When I felt a call from God to go to seminary, my perspective on the organized church caused me to hesitate. My primary image of the Church was the opening scene from the movie The Pirates of the Caribbean: a small ship is sinking, and Captain Jack Sparrow steps onto the dock as the sails of his boat sink into the waters. I knew the statistics told me the Church was dying. So how could God be calling me to seminary, and to ordained ministry? Who steps aboard a sinking ship?

I continue to have hope that God has called me to seminary to serve some sort of church because I have developed a deep love for community. I have always been a part of churches that refer to themselves as a “church community,” but I understood community in a totally different way by reading the Hebrew Bible through a new lens during my first year at Candler. I was so surprised to see how the community’s collective actions and communal health were central to the Israelite narrative. The Exodus story shaped their collective identity, and the prophets spoke to the community as a whole regarding their actions and fate. Israelite religion included sacrifices in a temple, but the prophets preached that our interactions in our homes and at our city gates matter too. The health of our society and communities matter. Do they matter to the churches that we serve? How can our faith communities address the American individualism and self-reliance that contradicts these collective, communal scriptures?   

Although classes such as United Methodist polity are designed to help me create positive and affirming experiences for people of faith within the institutionalized church, I have seen informal communities at Candler that look a lot like a different kind of church, too. When I was a chaplaincy intern at Lee Arrendale State Prison, a women’s prison, for my Contextual Education I placement, I saw women support each other through ongoing, daily conversations and hugs. I cooked dinners for some of my Candler friends because I simply wanted to offer them a good meal and a chance to be present together. My friends have shown up for each other when we found ourselves celebrating birthdays, addressing housing problems, and processing breakups. My experiences of Christian community at Candler have gone well beyond polity and church politics.           

This summer I am exploring this Church question by serving communities in the mountains. As a Candler Advantage intern, I am serving a church and non-profit co-working space this summer, as well as interacting with their partnering communities and churches. I have seen what happens when we are disconnected from others. I have heard folks who have just arrived in town say, “Man, it’s hard to make friends when all my work buddies live in another state.” I’ve heard elderly people who have seen Asheville change slowly for decades deeply desire a listening ear as their neighbors and families move away. But we have the potential to connect with others too. I have witnessed a small group of women gather together faithfully to check in and pray for each other each week. I have been blessed to worship at the Haywood Street Congregation with folks who care more about honesty and my attitude than my resume or career. We crave community, and sometimes we are blessed to find ourselves wrapped up in one.
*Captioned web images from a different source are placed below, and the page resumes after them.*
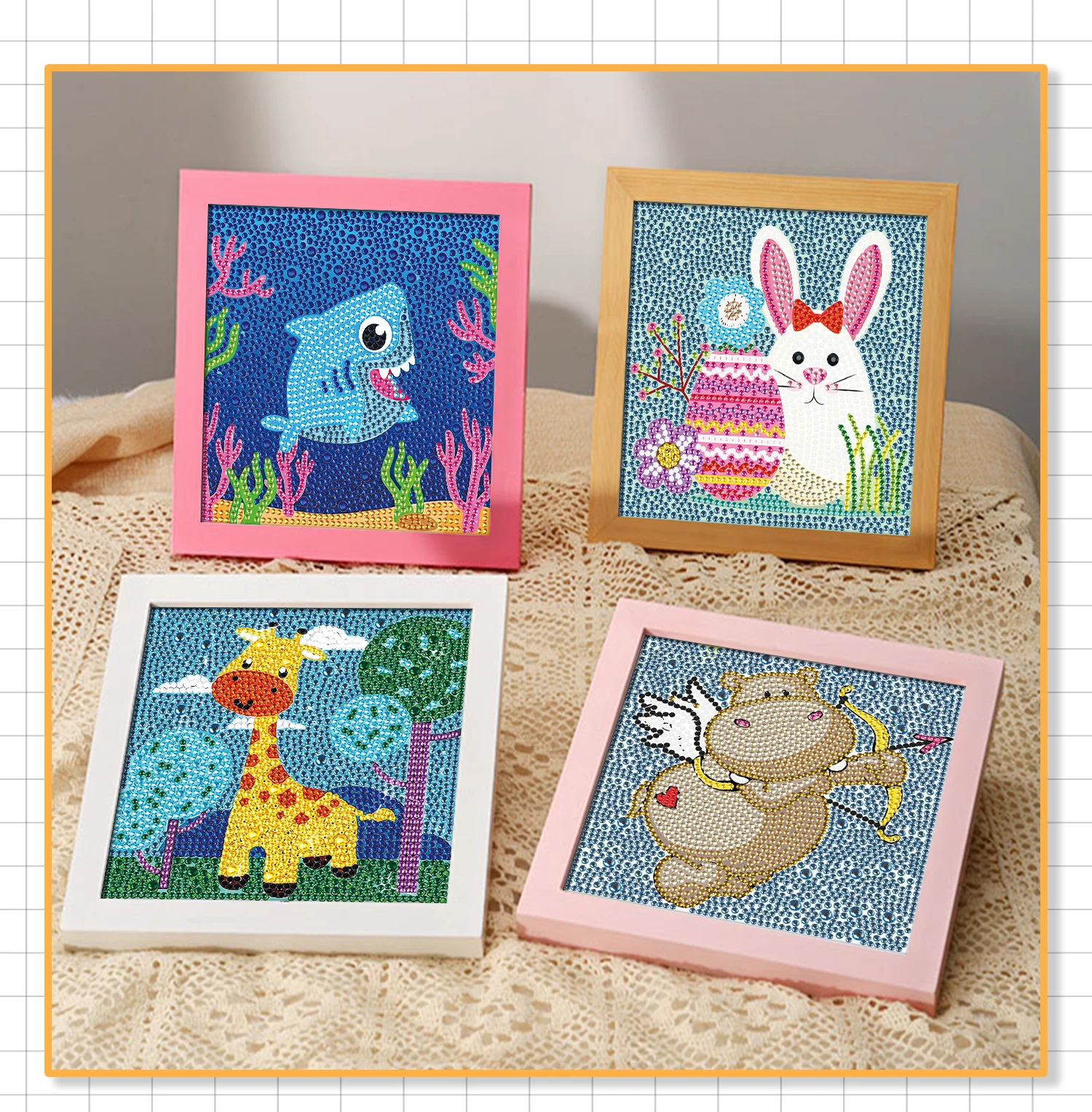 New DIY Diamond Painting Cartoon Animal Rabbit Giraffe Eagle Picture 5D Full Round Diamond Embroidery Cross Stitch Home Decor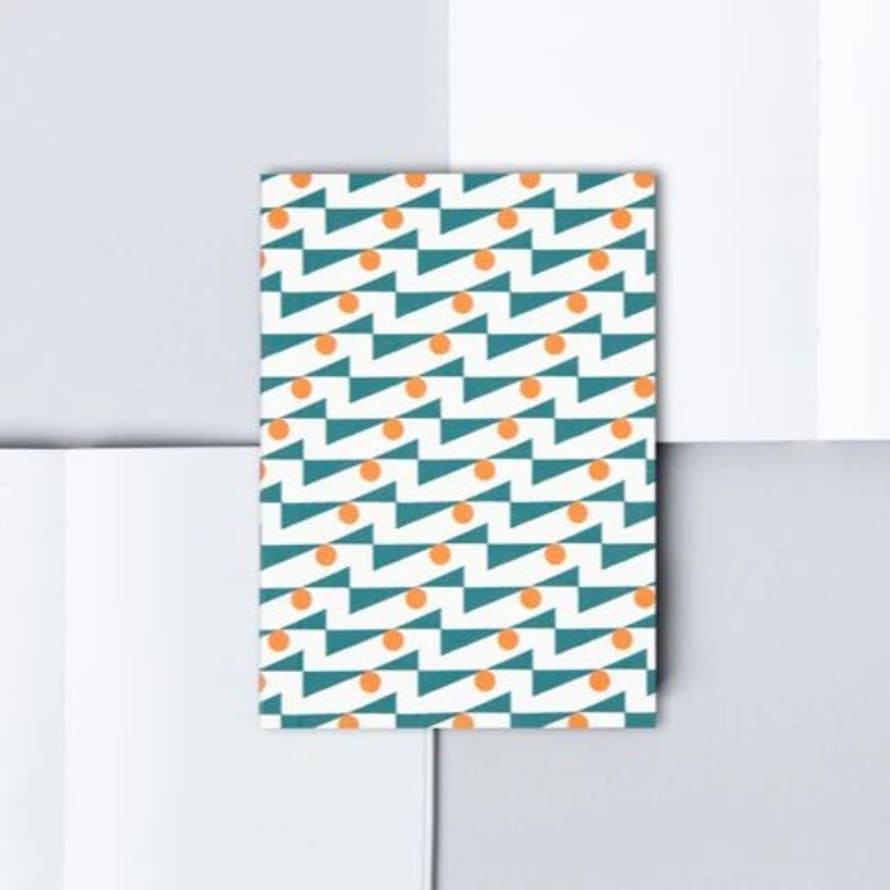 Ola - Limited Edition - A6 Pock Layflat Notebook Plain Pages - Enid Print Turquoise/red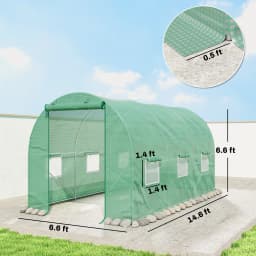Walk-In Tunnel Greenhouse with Roll-Up Front Door and Six-Sided Windows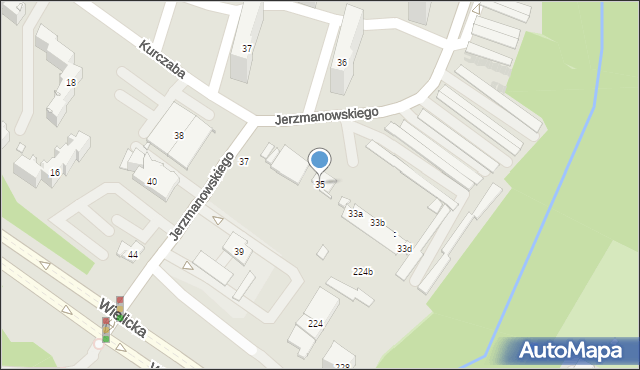 Kraków, Jerzmanowskiego Erazma, 35, mapa Krakowa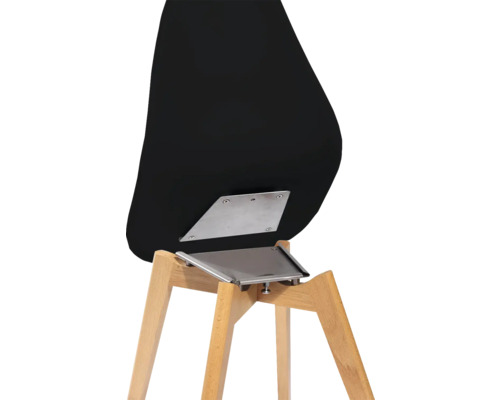 Vue détaillée d''une chaise de salle à manger noire avec pieds en bois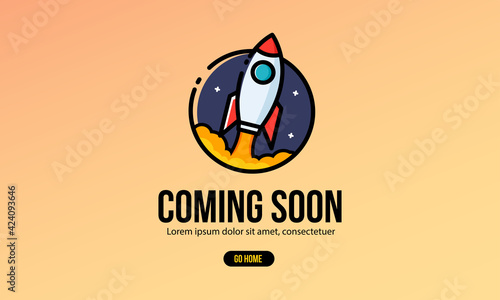 Coming soon Page Interface Design with Rocket Ship Vector Illustration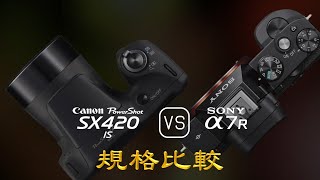 Canon PowerShot SX420 IS 與 Sony A7R 的規格比較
I am grateful that my internship has included life in an intentional community because it has shown me how God can be present in our daily interactions. The Missional Wisdom Foundation, which shapes our community’s practices of intentional community through their Haw Creek Commons site, has structured their neo-monastic Rule of Life around the membership vows of The United Methodist Church. These are vows of prayers, presence, gifts, service, and witness. We might not have stained glass or worship bulletins, but we take the life, death, and resurrection of Jesus Christ seriously. The institution doesn’t offer me a cup of coffee in the morning, but God is certainly present when one of my housemates does. God is present in my community when my housemates pray for me as I face family conflicts. God was present when one of my housemates helped me replace my car battery. It is from this place of health that I walk to church on Sunday mornings to serve the organized, institutionalized church. I love all of the churches that I am interacting with here in Asheville, but I see how this experience of daily Christian community through an intentional community gives me hope that can overcome my sinking-ship fears. 

Will the organized, institutionalized church exist in 50 years? Maybe not as we know it. But I firmly believe that people will gather to pray, be present, give, serve, and witness to Jesus, who is always resurrecting the dead. That’s something I definitely want to be a part of.  I want my Candler experience to support me as I lead people of faith through prayers, presence, gifts, service, and witness that reflect the love of Jesus Christ. And I want my Candler experience to prepare me to do this, whether my faith community is gathered around a communion table or a kitchen counter.